Têm-se, no entanto, deparado, nos
últimos anos, com uma Doutrina e Jurisprudência que consubstanciam uma justa e adequada
ponderação entre a liberdade de expressão e crítica como direito fundamental
dum Estado de Direito Democrático e o direito à honra e consideração pessoal.

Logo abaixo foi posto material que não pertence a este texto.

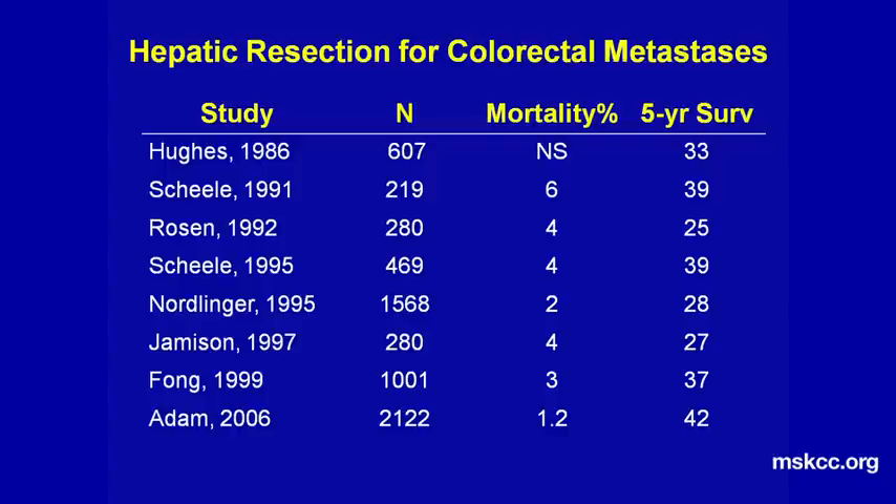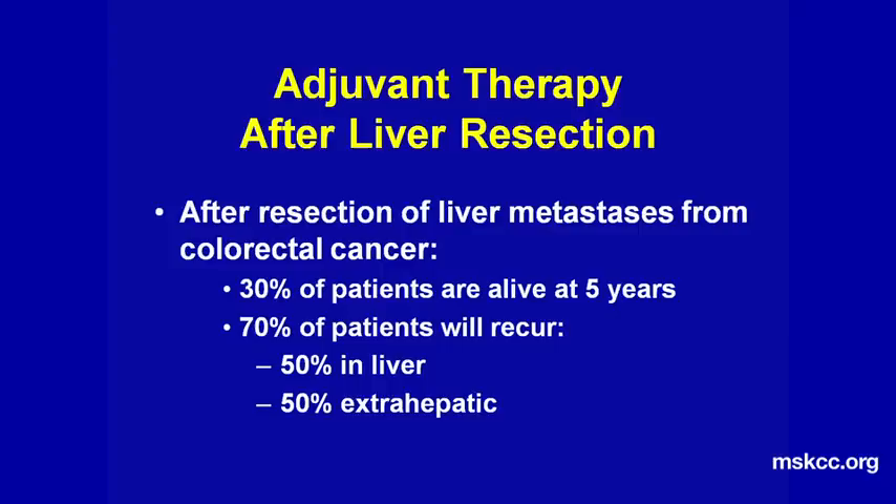These are the results we obtain with liver resection of colorectal liver metastases. There is no way we can produce the five-year survival shown here with chemotherapy alone. When possible, liver resection does improve five-year survival. We have shown liver resection can produce 30% to 40% five-year survival. However, after resection, 70% of patients will recur, 50% in the liver or in some extrahepatic site.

Bem ilustrativo desse entendimento é a
passagem, que passo a transcrever, do Acórdão do Tribunal da Relação de
Guimarães, de Outubro de 2014, aliás proferido num procedimento determinado
pela queixa dum agente político contra Paulo
Morais: “ Entendemos que o direito de
expressão, na sua vertente de direito de opinião e crítica, quando se exerça e
recaia nas concretas áreas atrás referidas ( quais sejam as obras ou atos de
cada um ) e com o conteúdo e âmbito
mencionados, isto é que se mostrem adequados aos pertinentes dados de facto,
caso redunde em ofensa à honra, se pode e deve ter por atípico, desde que o
agente não incorra na crítica caluniosa ou na formulação de juízos de valor aos
quais subjaz o exclusivo propósito de rebaixar e de humilhar. Costa Andrade
afirma, por seu turno, que: O exercício do direito de crítica tende a provocar
situações de conflito potencial com bens jurídicos como a honra e cuja
relevância está à partida excluída por razões de atipicidade. Tal vale,
designadamente, para os juízos de apreciação e valoração crítica vertidos sobre
realizações científicas, académicas, artísticas, profissionais, etc., ou sobre
prestações conseguidas nos domínios do desporto e do espectáculo, e, permito-me
acrescentar, da actividade política. Segundo o entendimento hoje dominante, na
medida em que não se ultrapassa o âmbito da crítica objectiva – isto é, enquanto
a valoração e censura crítica se atêm exclusivamente às obras, realizações ou
prestações em si, não se dirigindo directamente à pessoa dos seus autores ou
criadores – aqueles juízos caem já fora da tipicidade de incriminações como a
difamação. Já porque não atingem a honra pessoal do cientista, artista ou
desportista, etc., já porque não o atingem com a dignidade penal e a carência
de tutela penal que definem e balizam a pertinente área de tutela típica. Num
caso e noutro, a atipicidade afasta, sem mais e em definitivo, a
responsabilidade criminal do crítico, não havendo, por isso, lugar à busca da
cobertura de uma qualquer dirimente da ilicitude. “
Em suma, o direito fundamental de
expressão e de crítica é legítimo, mesmo que os juízos sejam desprimorosos,
reconhecendo-se como próprios duma sociedade democrática, desde que dirigidos
às ideias, às obras, à criação humana, e não exclusivamente às pessoas, com
meros intuitos mesquinhos de rebaixamento ou humilhação.